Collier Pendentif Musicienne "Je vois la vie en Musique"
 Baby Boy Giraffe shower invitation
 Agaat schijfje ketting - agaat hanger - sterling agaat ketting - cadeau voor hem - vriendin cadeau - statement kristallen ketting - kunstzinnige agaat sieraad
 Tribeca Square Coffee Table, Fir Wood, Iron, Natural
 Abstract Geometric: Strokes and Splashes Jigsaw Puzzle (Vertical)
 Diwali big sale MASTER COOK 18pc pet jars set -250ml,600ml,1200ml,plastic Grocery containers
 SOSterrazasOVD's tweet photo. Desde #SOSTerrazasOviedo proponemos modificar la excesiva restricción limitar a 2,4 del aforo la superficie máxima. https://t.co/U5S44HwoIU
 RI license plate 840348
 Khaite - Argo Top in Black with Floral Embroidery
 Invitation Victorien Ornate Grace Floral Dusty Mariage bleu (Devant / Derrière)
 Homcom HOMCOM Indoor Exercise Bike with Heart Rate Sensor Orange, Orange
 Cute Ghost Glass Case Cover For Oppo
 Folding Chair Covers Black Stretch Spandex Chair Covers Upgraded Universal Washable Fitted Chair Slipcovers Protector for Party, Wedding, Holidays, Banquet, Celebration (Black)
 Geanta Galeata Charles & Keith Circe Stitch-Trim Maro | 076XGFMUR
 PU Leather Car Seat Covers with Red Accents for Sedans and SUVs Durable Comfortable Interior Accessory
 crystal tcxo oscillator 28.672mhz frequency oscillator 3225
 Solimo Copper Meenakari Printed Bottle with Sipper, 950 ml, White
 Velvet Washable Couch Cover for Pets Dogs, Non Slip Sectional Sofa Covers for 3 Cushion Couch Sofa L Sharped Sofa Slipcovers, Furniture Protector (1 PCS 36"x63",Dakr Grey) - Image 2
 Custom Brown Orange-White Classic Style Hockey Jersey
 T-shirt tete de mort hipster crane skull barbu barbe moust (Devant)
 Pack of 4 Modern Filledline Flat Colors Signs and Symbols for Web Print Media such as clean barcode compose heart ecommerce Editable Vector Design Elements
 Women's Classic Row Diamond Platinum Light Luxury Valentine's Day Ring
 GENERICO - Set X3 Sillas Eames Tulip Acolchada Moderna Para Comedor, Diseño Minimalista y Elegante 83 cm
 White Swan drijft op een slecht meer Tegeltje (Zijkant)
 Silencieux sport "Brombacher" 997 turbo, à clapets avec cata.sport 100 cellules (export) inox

++++++++++++++++++++

▸ ACTION ITEM
In the entries above, how many lines contain the word "Floral"? Answer with the number only.

▸ EXPECTED OUTPUT
2